Mieridduryn is a genus of extinct dinocaridid arthropod that lived during the Middle Ordovician of what is now the United Kingdom. This animal was described in 2022 based on a singular fossil found in Castle Bank, a Burgess shale type lagerstätte located in the country of Wales. This animal's taxonomic affinities are somewhat unclear, but there are some hypotheses. One is that this animal represents a new grade of Stem-euarthropods that evolved features similar to the Cambrian aged opabiniids (a family of basal arthropods). Another is that if the features seen in Mieridduryn are convergent, and not homologous, to those seen in radiodonts, then this animal represents a late surviving opabiniid (if the latter option is correct, then this means the opabiniids survived for over 40 million years longer than what was once thought).

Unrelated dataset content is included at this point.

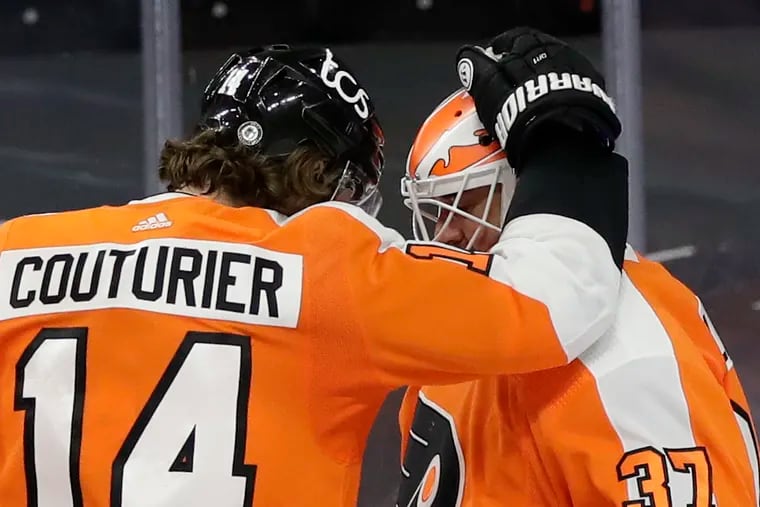 Flyers goaltender Brian Elliott, getting congratulations from Sean Couturier after a season-ending 4-2 win over New Jersey last month, is not expected to return to the Orange and Black.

History of research and etymology 
The one specimen of this species was found in Castle Bank, and was described in 2022. Originally, the main studies on this site focused on the Sponge fossils, but later on more studies started to focus on the arthropod section of the fauna. The fossil was collected from a quarry in private land near Llandrindod Wells. The specific quarry is a part of the larger Gilwern Volcanic Formation, and the graptolites found dated the site to the Darriwilian of the Middle Ordovician.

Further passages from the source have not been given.